[Dataset items]
Content starts

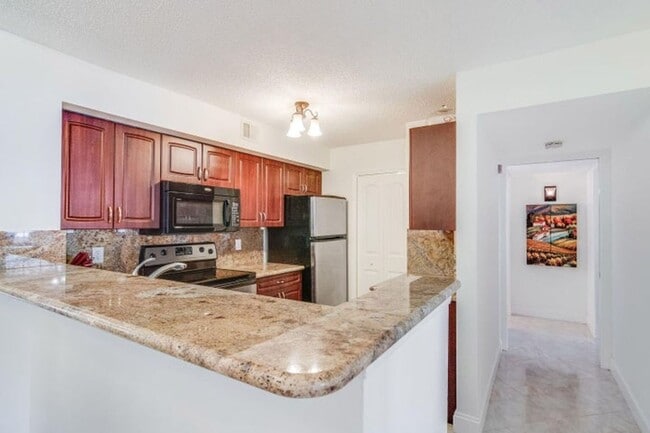Foto del edificio - 1715 Village Blvd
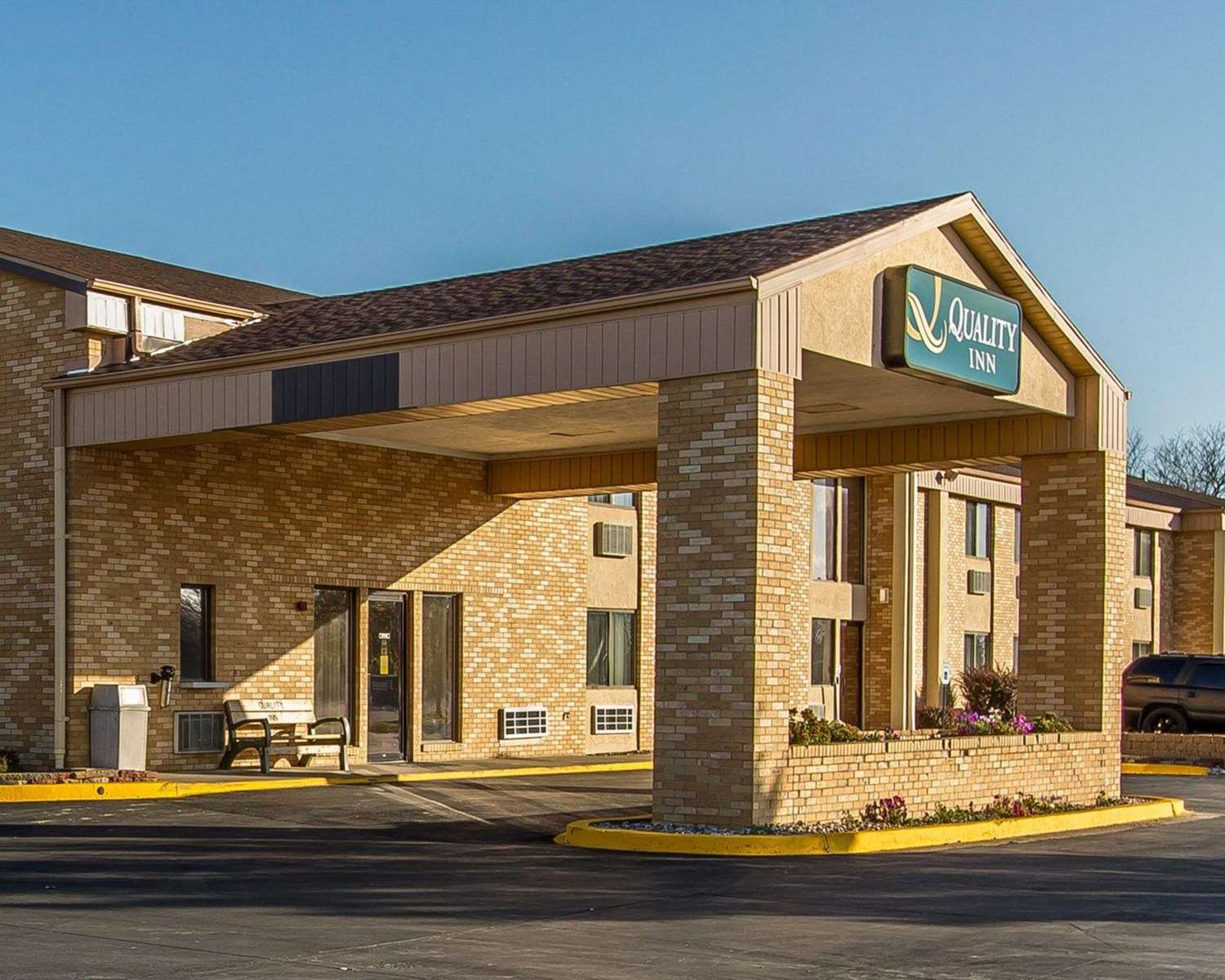 Quality Inn Burlington Near Hwy 34 2/27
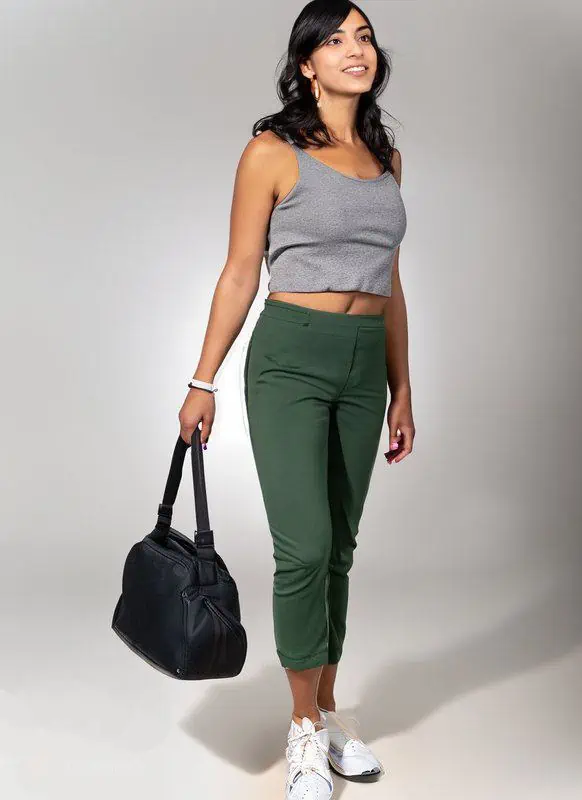 mujer coutfit pantalon verde top y zapatillas 1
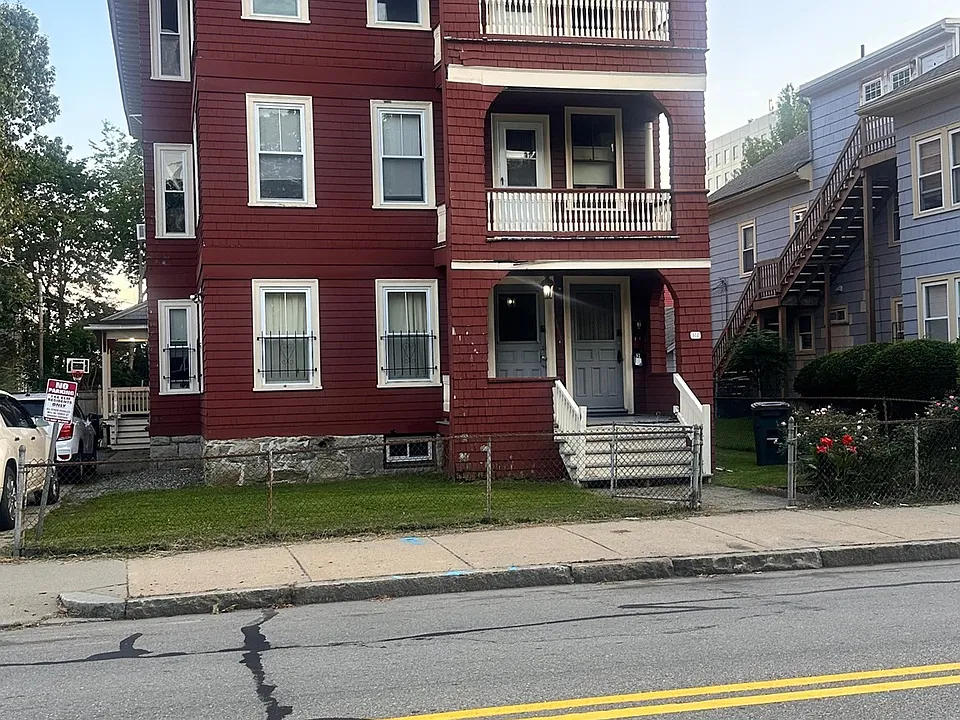 144 Elm St #3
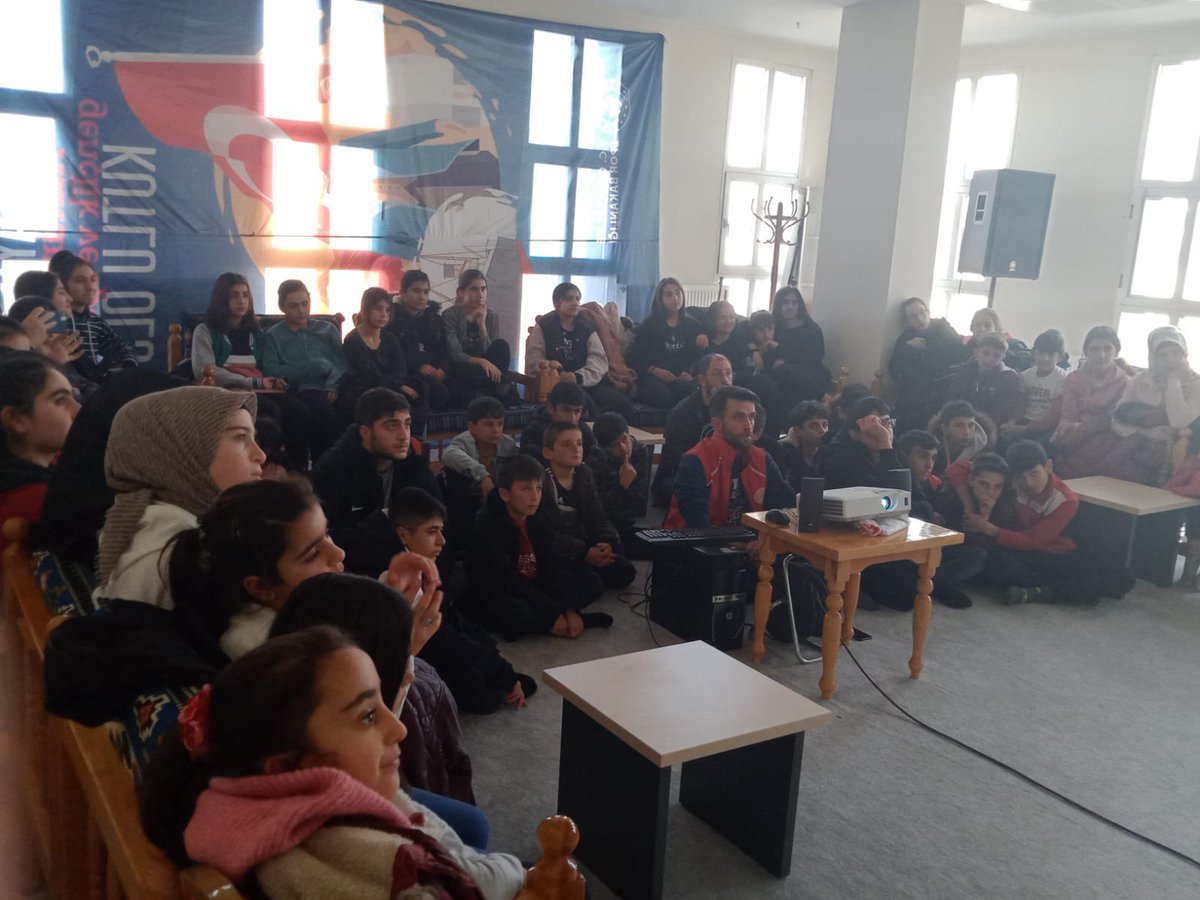 Sarikamis sehitlerimiz konulu belgeseli askale genclik merkezimizde minik yureklerle beraber izledik.
Sarikamis sehitlerimizi saygi, minnet ve rahmetle aniyoruz..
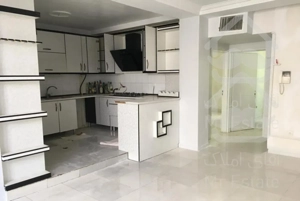 اپارتمان۸۴متراردلان روبه افتاب(مال)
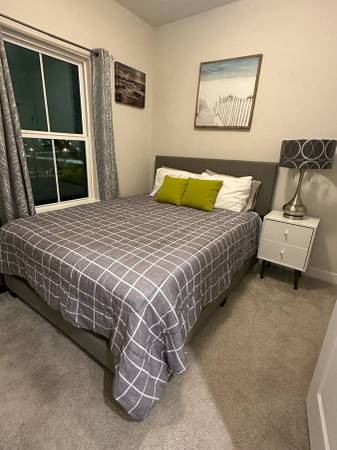 $550 / 1br - Furnished Room in Modern Townhouse Near Johns Hopkins (Baltimore)63694872253697120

Content ends

Exercise instructions:
Every line from the one holding "اپارتمان۸۴متراردلان روبه افتاب(مال)" through the end of the records above must be reproduced verbatim, pictures excepted.

Reply:
 اپارتمان۸۴متراردلان روبه افتاب(مال)
 $550 / 1br - Furnished Room in Modern Townhouse Near Johns Hopkins (Baltimore)63694872253697120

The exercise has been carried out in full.